Historically, investors in gold have tended to consolidate and pause after a multiple month run, sometimes pushing prices down marginally.

However analysts, banking on the twin facts that the world will continue to face a recession this year and that governments and central banks would try to combat that with large doses of release of money, are now betting that the gold run is here to stay at least till the middle of next year.

Goldman Sachs has analysed that gold will continue to rise and forecast a target of $ 2000 for 2021. Citi analysts are similarly optimistic about the yellow metal. 

Currently in the global market, 24 carat gold is selling at $ 1810 an ounce or Rs 47, 814.21 for 10 grams. Prices in India are slightly more as taxes here are higher and 24 carat gold is trading currently at about Rs 41,150 doe 10 grams.

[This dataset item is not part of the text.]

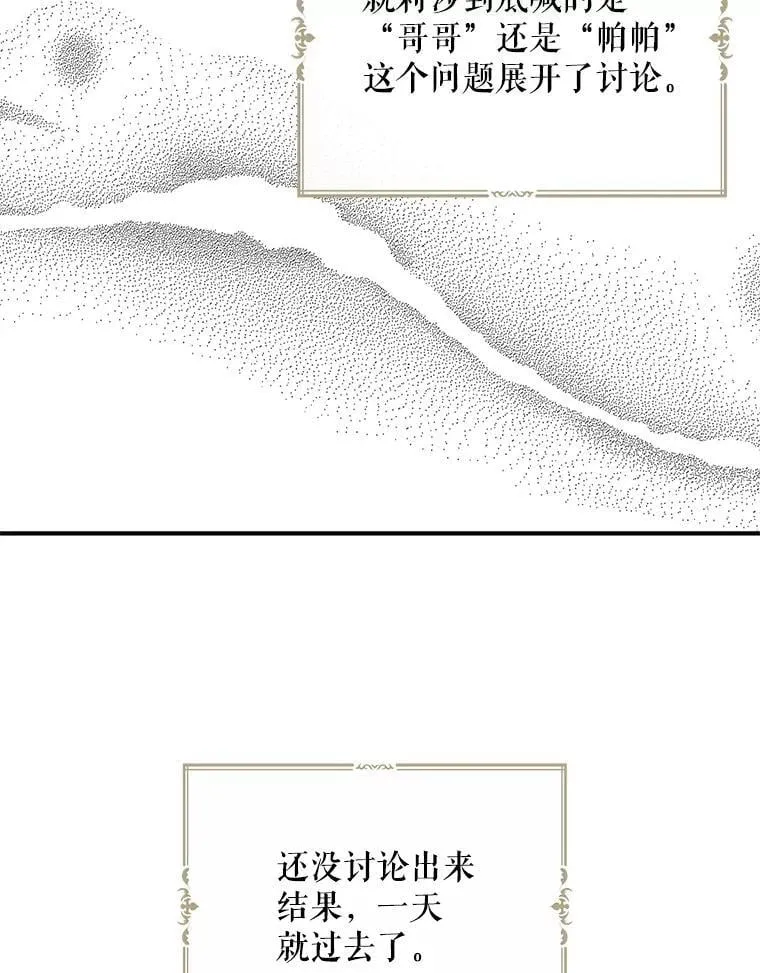 123.叫出名字41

Gold has had a fantastic run this year. On January 1, 2020, it traded at Rs 39,150, rising to Rs 41,200 in just one month’s time. From there it jumped to Rs 43,210 by  April 1 and to Rs 47,700 by June 1.

With the International Monetary Fund forecasting a shrinking of the global economy by 5 per cent this year, and continued fall in global stock market indices, Goldman Sachs and Citi believe investors will continue to favour gold as a safe haven.

Their logic is the age old adage – the more gloomy the market, the higher the price of gold. During the Great Depression, analysts point out gold prices rose from $20.67an ounce in 1929 to $35 an ounce in 1934.

Similarly, during the global slowdown triggered by the Lehman Brothers crisis in 2008, gold prices jumped from a little over $700 an ounce to $1900 by October 2011.

However, commodities trader Vikram Sawhney feels the forecasts maybe to optimistic, “As the economies around the world reopen, there will be growth hotspots like China, Vietnam etc., money will flow there … there is a limit to betting on gold as once the global economy comes back on track, which it will by 2021-2022, gold will certainly lose its shine.”

Sawhney and others who hold this belief, however, agree that in the short run gold will continue to “rule the roost.”

Brokerages banking industry also point out that non-interest bearing assets like gold and artefacts do well in times when interest yields on bonds are near zero as has happened in most countries. Says financial analyst Sushil Vir “gold as a pure investment is attracting people.” A report by Credit Suisse seems to vindicate this belief, stating that ETF holding trends have “been rising for six successive months and has now crossed 100 million ounces for the first time (in mid-June)”.